Die erste Auswertung zeigt zunächst generell ein starkes Wachstum der Zahl der Vorstösse im Zeitverlauf (siehe Grafik 1). Waren es in der 45. Legislatur noch 3656, hat sich die Anzahl seither mehr als verdoppelt:

 

Zum zweiten lässt sich auch innerhalb der einzelnen Legislaturen eine Zunahme feststellen (Grafik 2). Allerdings ist dieser Anstieg nicht gleichmässig. Bei der ersten Session nach den Wahlen liegt die Zahl der Vorstösse tendenziell sehr tief. Möglicherweise sind neue Ratsmitglieder dann noch damit beschäftigt, den Ratsbetrieb kennenzulernen, so dass sie noch nicht dazu kommen, viele Vorstösse zu deponieren. Zudem absorbieren die in dieser Session stattfindenden Gesamterneuerungswahlen des Bundesrats nicht nur Zeit, sondern auch öffentliche Aufmerksamkeit. Wer also auf einen Auftritt in den Medien spekuliert, wartet mit der Einreichung eines Vorstosses besser noch eine Session. Hinzu kommt, dass das Einholen von Unterschriften allfälliger Mitunterzeichner Zeit braucht.
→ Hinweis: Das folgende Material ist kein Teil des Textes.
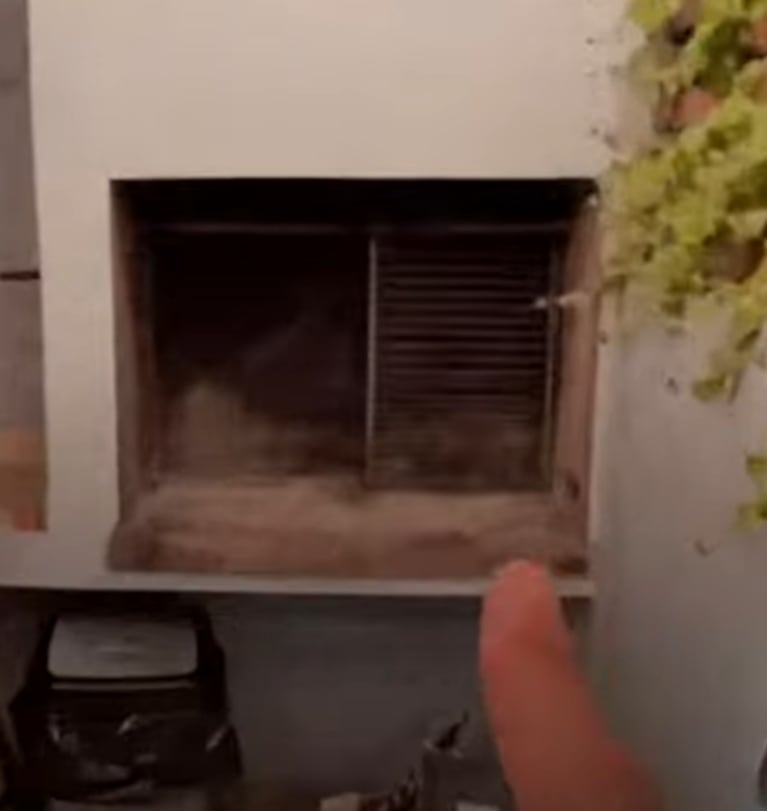 Así es la nueva casa de Locho Loccisano: terraza con parrilla y decoración vintage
Eingereichte Vorstösse im zeitlichen Verlauf, aufgeschlüsselt nach Legislatur. Die horizontale Achse unten gibt die Nähe zu den nächsten Wahlen an (in Sessionen).

 

Die Kunst der Aufmerksamkeitsökonomie

Doch auch wenn man die erste Session weglässt, nimmt die Zahl der Vorstösse zu, je näher der Wahltermin rückt. Um zu untersuchen, ob die Nähe der Wahlen eine Rolle spielt, haben wir die Zahl der Vorstösse je Session für Nichtwahljahre jenen in Wahljahren gegenübergestellt. Das Ergebnis ist interessant: Die Zahl der Vorstösse liegt in Wahljahren tatsächlich deutlich höher – bis auf die Herbstsession. Eine mögliche Erklärung dafür ist, dass ein Vorstoss spätestens in der Sommersession eingereicht werden muss, damit er noch vor den Wahlen vom Bundesrat beantwortet und allenfalls im Rat behandelt werden kann.
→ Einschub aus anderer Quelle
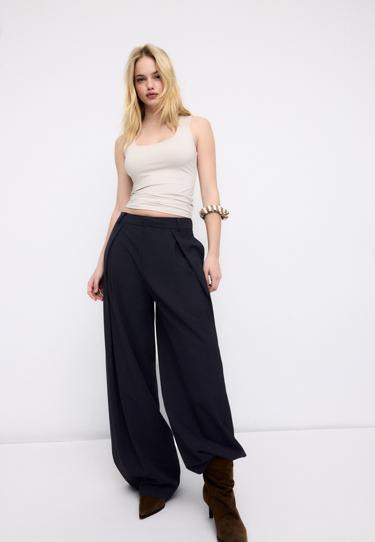 Майка из полиамида с широкими бретелями- Заказать в России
Aufmerksamkeitsökonomisch gesehen ist die Herbstsession also trotz der unmittelbaren Nähe zu den Wahlen nicht ideal, zumal parlamentarische Aktivität im allgemeinen Wahlkampfgetöse unterzugehen droht. Hinzu kommt, dass abtretende Parlamentarier in ihrer letzten Session kaum noch Vorstösse einreichen, da sie deren weiteres Schicksal nicht mehr beeinflussen können. Würde man die letzte Session ausklammern, würde der festgestellte Anstieg der Anzahl Vorstösse noch steiler ausfallen.

Weiterführende Fragen

Eine einfache statistische Auswertung mittels linearer Regression bestätigt den Blick auf die Zahlen.[1] Der relevanteste Faktor zur Erklärung der Zahl der Vorstösse in einer Session ist die Legislatur. Die Nähe zu den Wahlen hat einen signifikanten Einfluss. Bezieht man die erste Session aufgrund ihrer speziellen Umstände als separate (Dummy-)Variable mit ein, ist die Nähe zu den Wahlen knapp nicht mehr signifikant (auf dem 90%-Niveau). Dennoch lässt es unsere Auswertung durchaus plausibel erscheinen, dass die Nähe der Wahlen die parlamentarische Aktivität der Politiker beeinflusst, auch wenn der Anstieg nicht übermässig stark ist.

Diese erste Auswertung löst weitere Fragestellungen aus. Zum Beispiel könnte man analysieren, ob sich die Erfahrung eines Ratsmitglieds, die Ankündigung des Rücktritts oder auch der elektorale Wettbewerb, dem ein National- oder Ständerat ausgesetzt ist, auf die Vorstossaktivität auswirkt. Auch Auswertungen nach Art der Vorstösse oder Fraktionen wären sicherlich aufschlussreicht. Dazu wären allerdings detailliertere Daten nötig.

 

Mitarbeit: Claudio Kuster

Rohdaten zum Download

 


[1] Konkret wurden drei Modelle getestet: Modell 1 berücksichtigt nur die Variablen «Legislatur», «Nähe zu den Wahlen» sowie «Session nach einer Sondersession» (Dummy-Variable). Modell 2 bezieht zusätzlich die Dummy-Variable «Wahljahr» ein. Modell 3 berücksichtigt ausserdem «Erste Session der Legislatur» (Dummy-Veriable).